Saturday, June 16, 2012

Tax on IE7 users

A couple of days ago, I came across a very interesting piece of news on Gizmodo. Apparently, an Australian online retailer,, has decided to charge a 6.8% tax on customers using Internet Explorer 7. As a web developer myself, I can understand the theory behind this tax.

When designing websites, the developer needs to make sure the user experience is the same for all browsers. For this, generally, I load the website on different browsers to make sure before I launch it. The majority of errors occur on old versions of Internet Explorer. The older the version, the more distorted the website gets! To rectify those errors, a lot of time and effort goes into making sure the user experience is seamless. So if I had a choice, I would completely exclude testing and developing for Internet Explorer. It would use up less time and effort, and end up costing the client less amount of money.

Therefore, if the client has to pay extra to make sure the customers using old versions of IE get the same experience as everyone else, it makes sense to pass the extra costs to those customers. This extra amount should not be equally passed on to all customers. It should be specifically charged to those for whom this extra expense is being made.

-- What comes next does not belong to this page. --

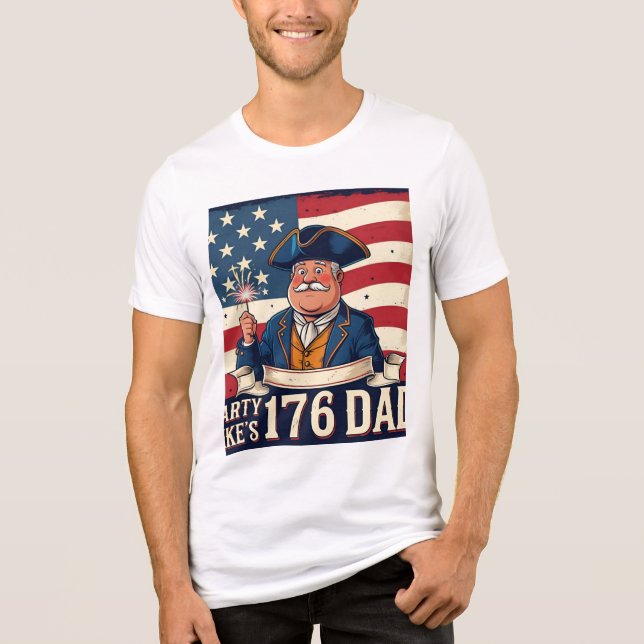 Party som 1776 Pappa Firande T-Shirt (Framsida)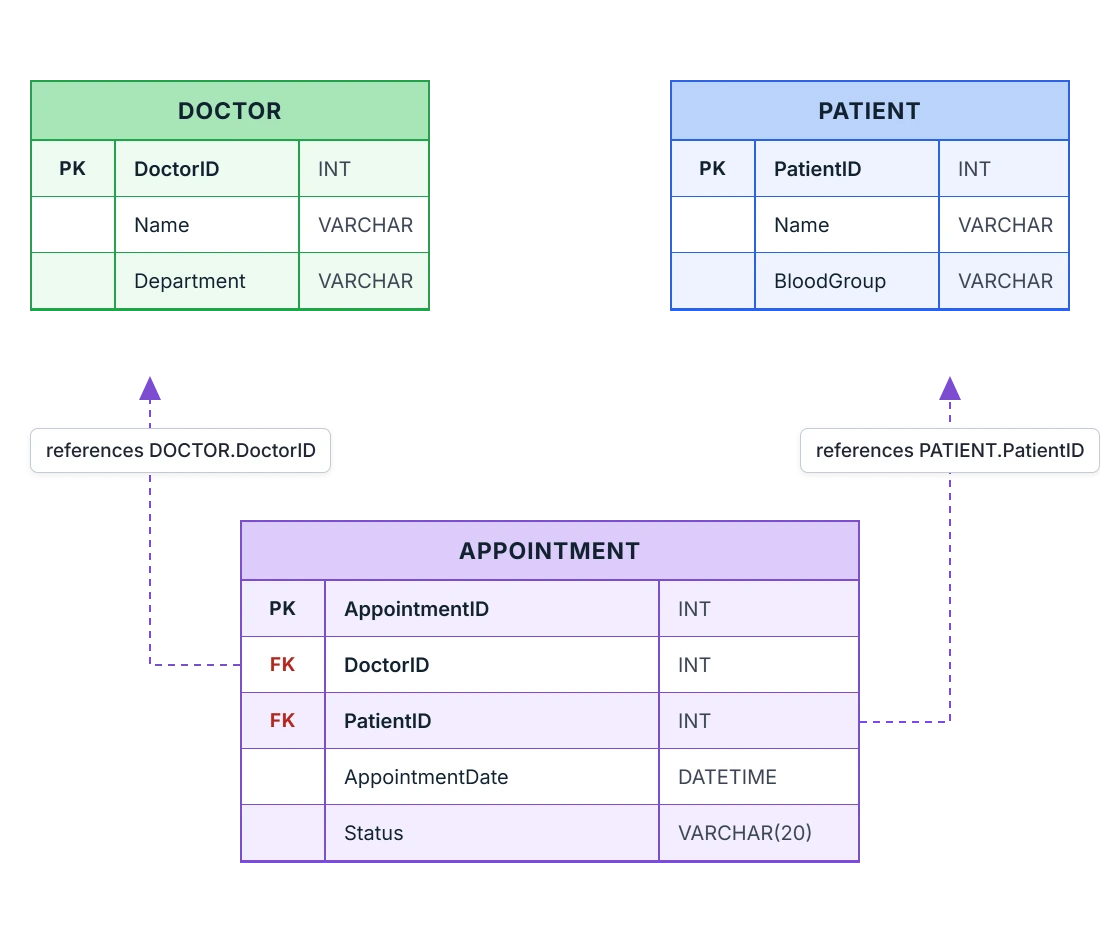 Entity fields showing a data type next to each field name, with alternating row colors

It is similar to the checked baggage policy being enforced by airlines. If a passenger checks in a bag, he is charged for that bag while a passenger who only uses a carry-on bag is exempt. In the same way, the extra expense incurred by a client for users of older versions of IE, should be incurred by the customers responsible for it.

Hopefully, this model of taxation will be followed by more retailers and it will cause more users to keep their browsers updated. In fact, I would personally prefer if users used Google Chrome, Mozilla Firefox, Safari or Opera, anything but Internet Explorer!